Archie McQuilken

Personal information
- Full name: Archibald Lynn McQuilken
- Born: 30 September 1933 Muckamore, Northern Ireland
- Died: 16 October 1985 (aged 52) Belfast, Northern Ireland
- Batting: Right-handed
- Bowling: Leg break googly

Domestic team information
- 1962: Ireland

Career statistics
| Competition | First-class |
| Matches | 2 |
| Runs scored | 140 |
| Batting average | 35.00 |
| 100s/50s | 0/0 |
| Top score | 42 |
| Balls bowled | 115 |
| Wickets | 5 |
| Bowling average | 12.00 |
| 5 wickets in innings | 1 |
| 10 wickets in match | 0 |
| Best bowling | 5/37 |
| Catches/stumpings | 0/– |
- Source: Cricinfo, 17 October 2018

= Archie McQuilken =

Irish cricketer

Archibald Lynn McQuilken (30 September 1933 – 16 October 1985) was an Irish first-class cricketer.

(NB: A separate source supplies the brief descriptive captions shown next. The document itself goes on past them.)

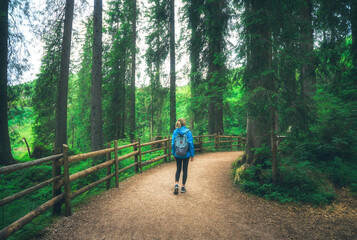 Woman in a blue jacket with backpack is walking on a forest trail, trees with lush green foliage in summer. Slim girl on the path with a wooden fence. Hiking and travel in Dolomites, Italy. Nature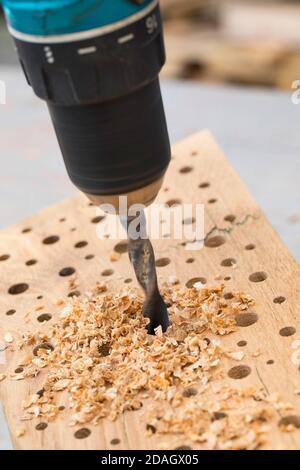 Wildbienennisthilfe aus hartem Holz, Löcher unterschiedlicher Dicke werden mit einem Bohrer in das Holz gebohrt, Deutschland Stockfoto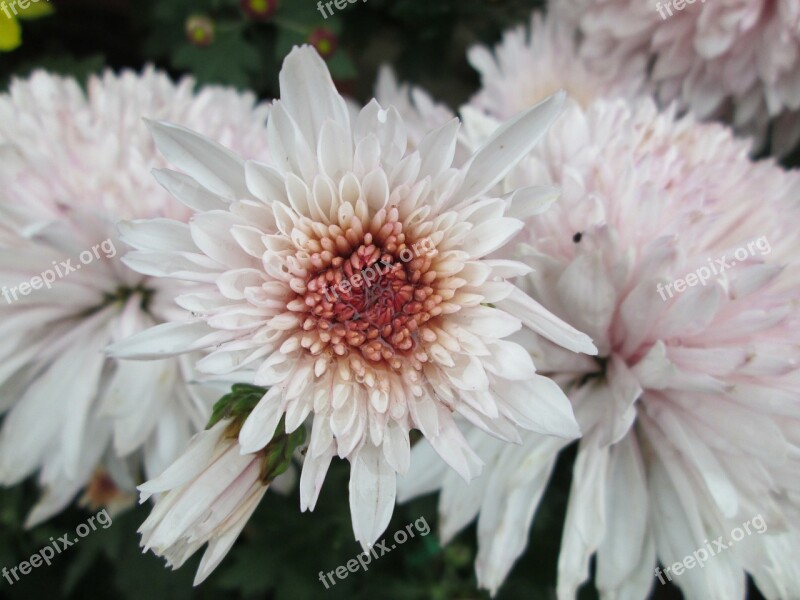 Chrysanthemum Plant Park Purple Free Photos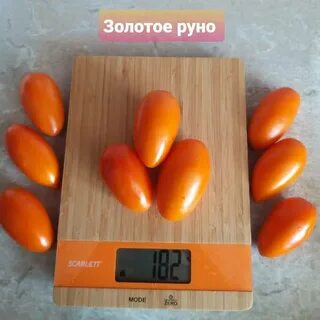 Томат золотое руно описание сорта фото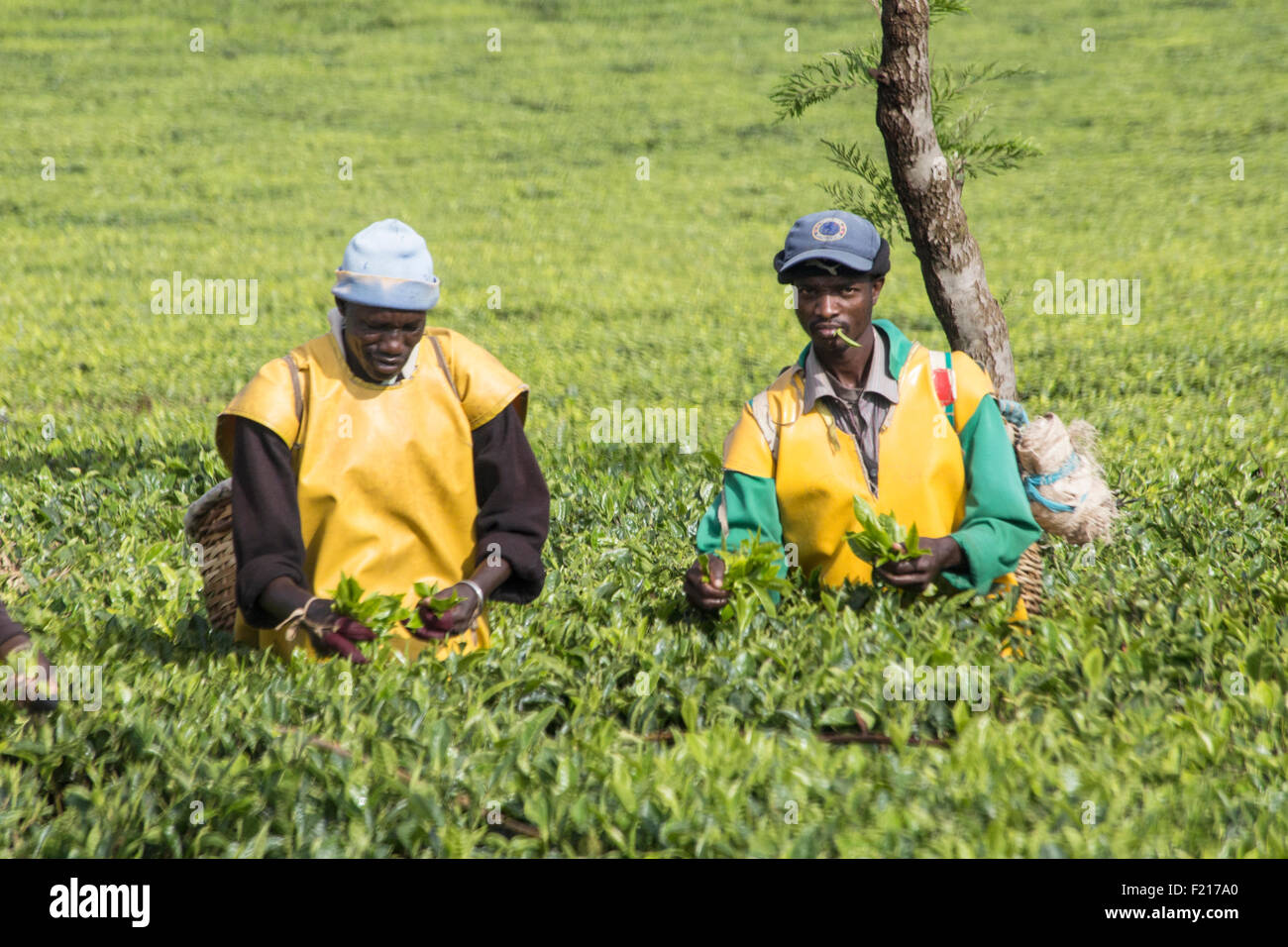 Tea Picking su plantation in Kenya Highlands Foto Stock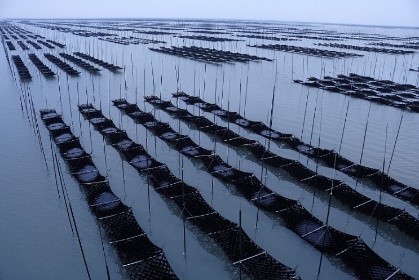 ▲佐賀県有明海のり養殖の風景 （パッケージ裏面を抜粋）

McQuilken was born at Muckamore in County Antrim in September 1933. An all-rounder for Muckamore Cricket Club, for whom he scored over 10,000 runs and took over a 1,000 wickets, he played two first-class cricket matches for Ireland 1962. His first came against the Combined Services at Belfast, while his second match came against Scotland at Greenock. He took a five-wicket haul on debut, with 5/37; these were his only first-class wickets. He also scored 140 runs across both matches, with a highest score of 42. Outside of cricket his profession was an engineer. He died in a road traffic accident in Belfast in June 1985.